BEGIN
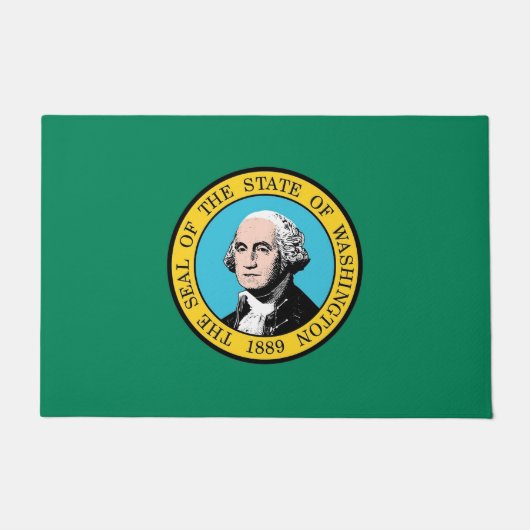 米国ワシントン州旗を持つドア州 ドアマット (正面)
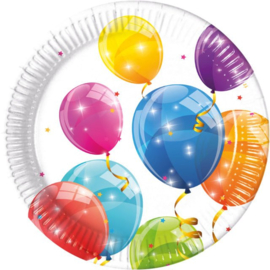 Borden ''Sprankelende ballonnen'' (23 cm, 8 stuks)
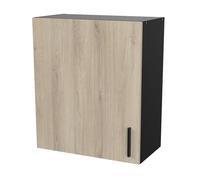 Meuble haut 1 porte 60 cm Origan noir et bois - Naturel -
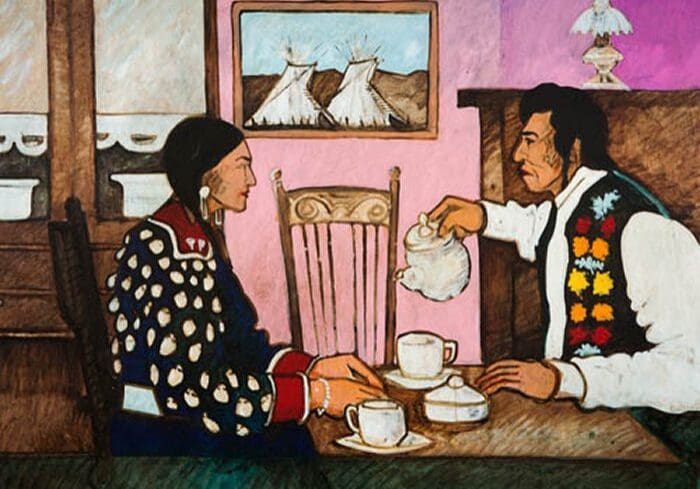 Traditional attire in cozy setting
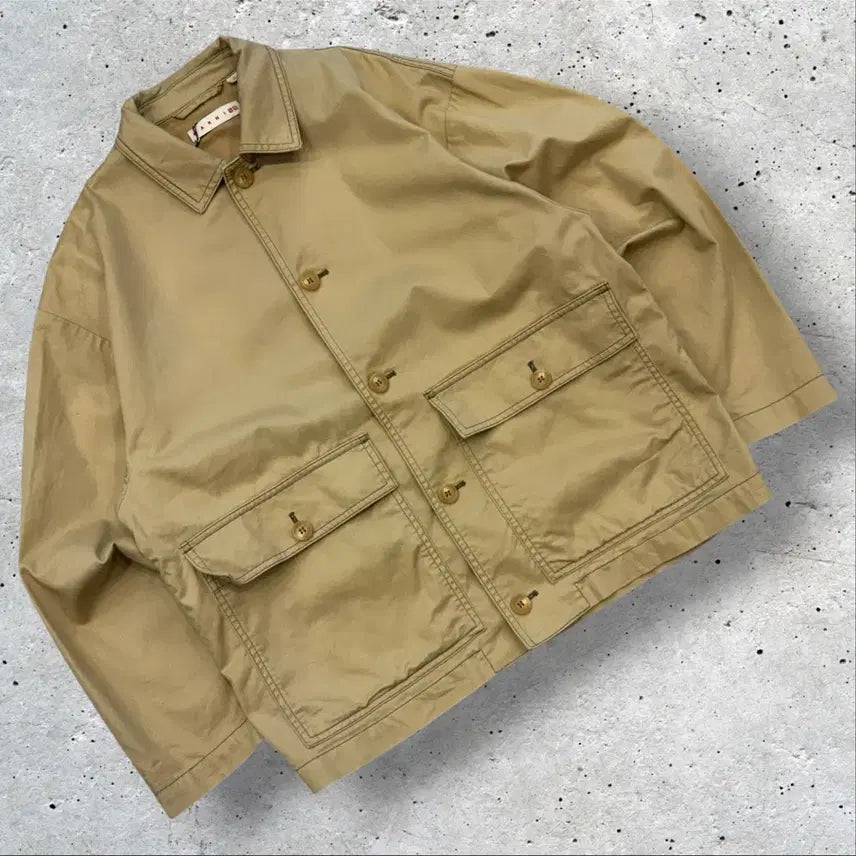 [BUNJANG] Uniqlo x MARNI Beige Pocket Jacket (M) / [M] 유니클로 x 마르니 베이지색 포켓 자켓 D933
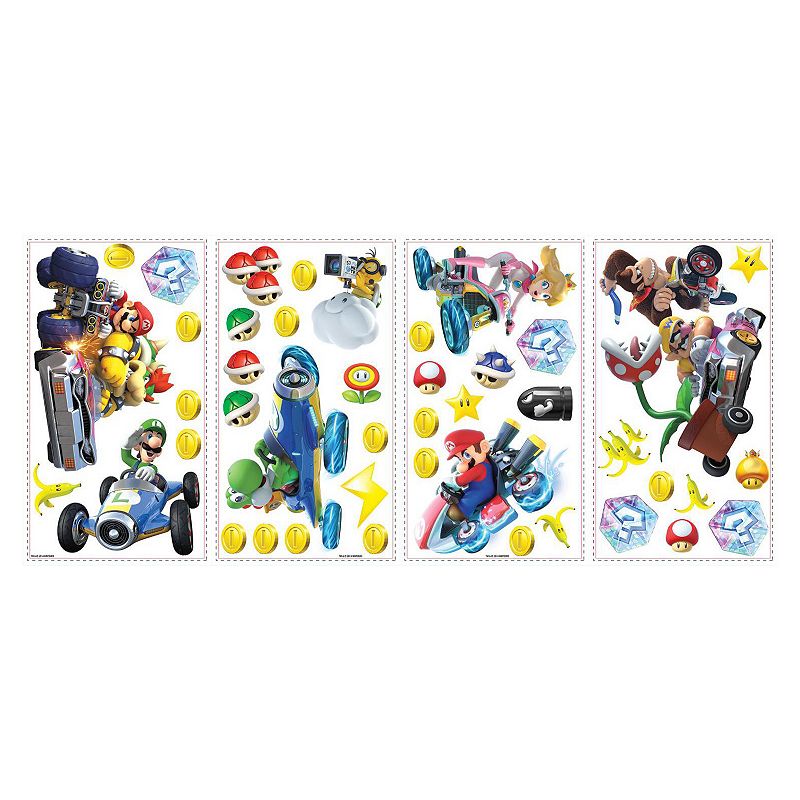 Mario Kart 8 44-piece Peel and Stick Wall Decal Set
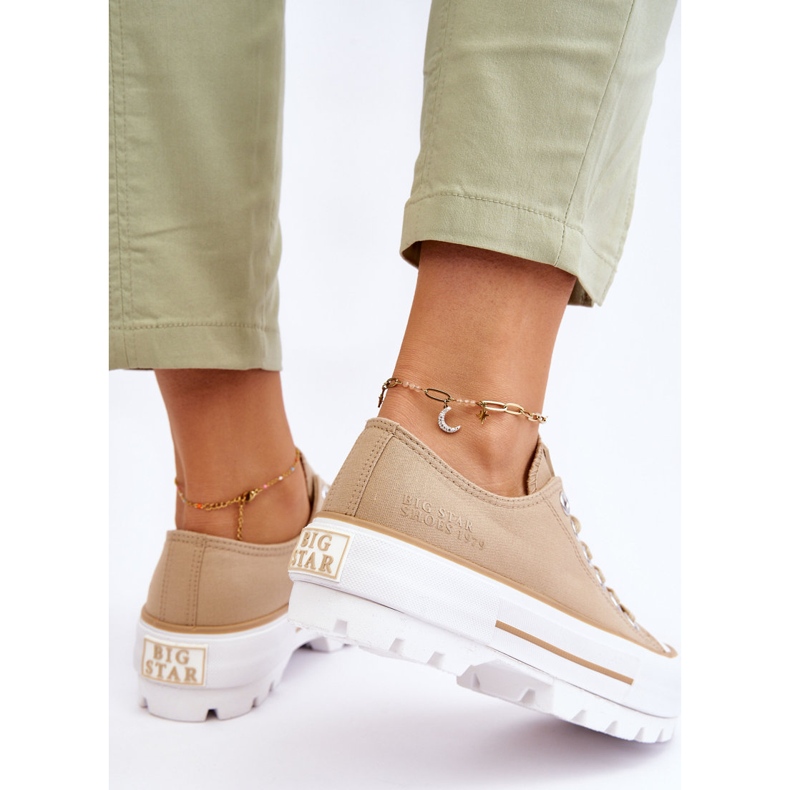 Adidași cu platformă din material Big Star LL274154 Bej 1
END
BEGIN
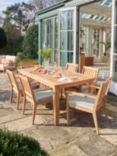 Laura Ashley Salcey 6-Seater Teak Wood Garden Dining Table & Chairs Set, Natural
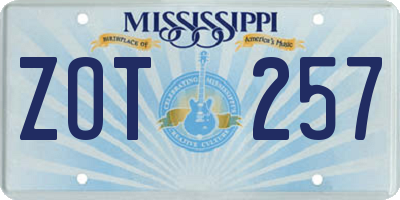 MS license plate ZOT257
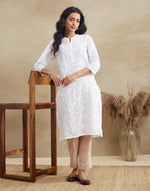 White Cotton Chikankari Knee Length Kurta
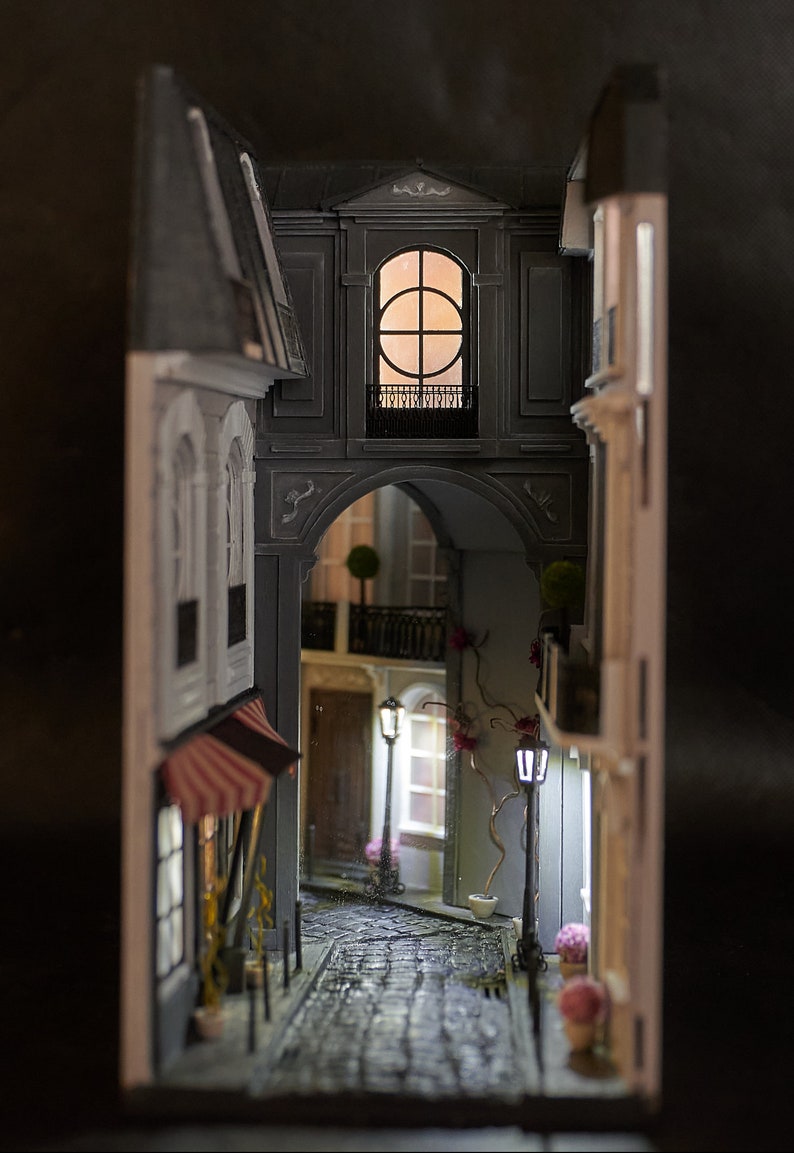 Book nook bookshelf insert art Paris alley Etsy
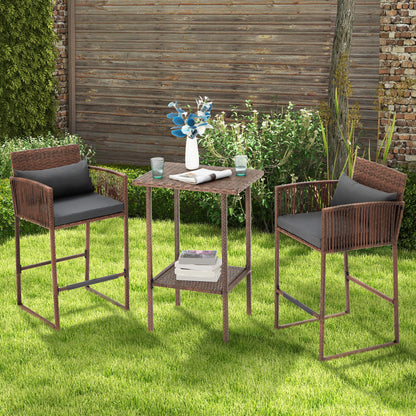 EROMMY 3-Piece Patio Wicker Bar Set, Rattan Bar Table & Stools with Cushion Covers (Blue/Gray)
END
Line for line, output the entries above from the line with "米国ワシントン州旗を持つドア州 ドアマット (正面)" to the line with "Adidași cu platformă", both included, and nothing more. Skip pictures.

 米国ワシントン州旗を持つドア州 ドアマット (正面)
 Borden ''Sprankelende ballonnen'' (23 cm, 8 stuks)
 Meuble haut 1 porte 60 cm Origan noir et bois - Naturel -
 Traditional attire in cozy setting
 [BUNJANG] Uniqlo x MARNI Beige Pocket Jacket (M) / [M] 유니클로 x 마르니 베이지색 포켓 자켓 D933
 Mario Kart 8 44-piece Peel and Stick Wall Decal Set
 Adidași cu platformă din material Big Star LL274154 Bej 1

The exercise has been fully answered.